=== Begin Enclosure ===

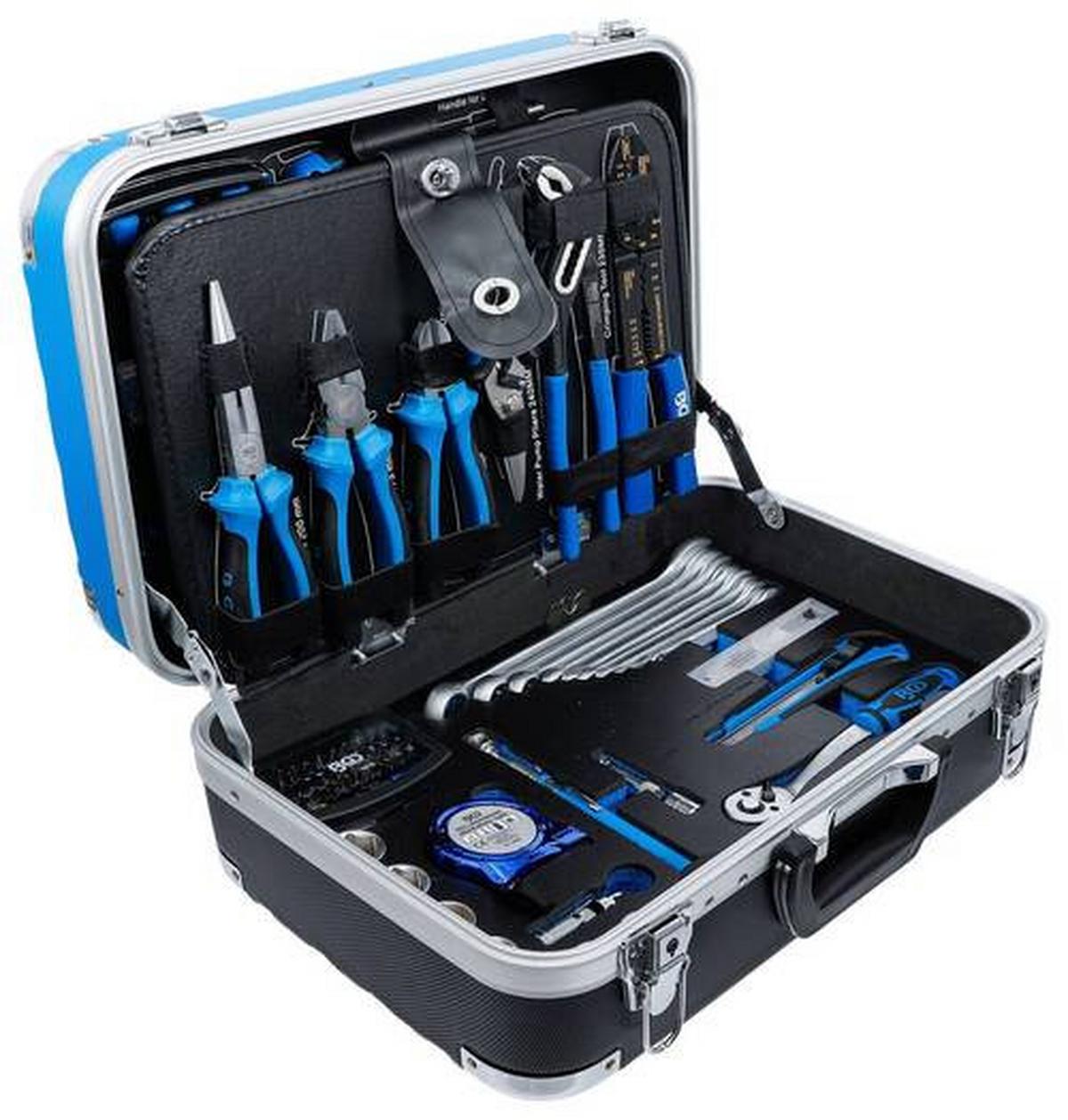 WERKZEUGKOFFER UNIVERSAL - Blau/Schwarz, Basics (45/33,1/18,3cm)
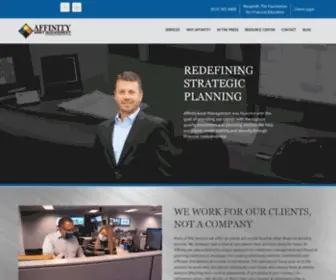 Affinityasset.com(Affinity asset management) Screenshot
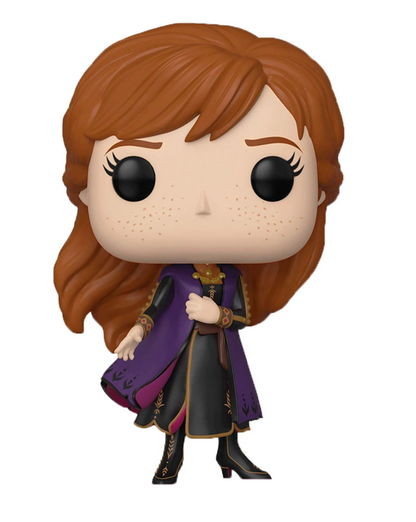 Funko Pop Disney Frozen 2 Anna #582 Vinyl Figure Collectible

=== End Enclosure ===

ACTION ITEM.
Repeat every line above precisely; pictures do not belong in the copy.

SOLUTION TO THE EXERCISE.
 WERKZEUGKOFFER UNIVERSAL - Blau/Schwarz, Basics (45/33,1/18,3cm)
 Affinityasset.com(Affinity asset management) Screenshot
 Funko Pop Disney Frozen 2 Anna #582 Vinyl Figure Collectible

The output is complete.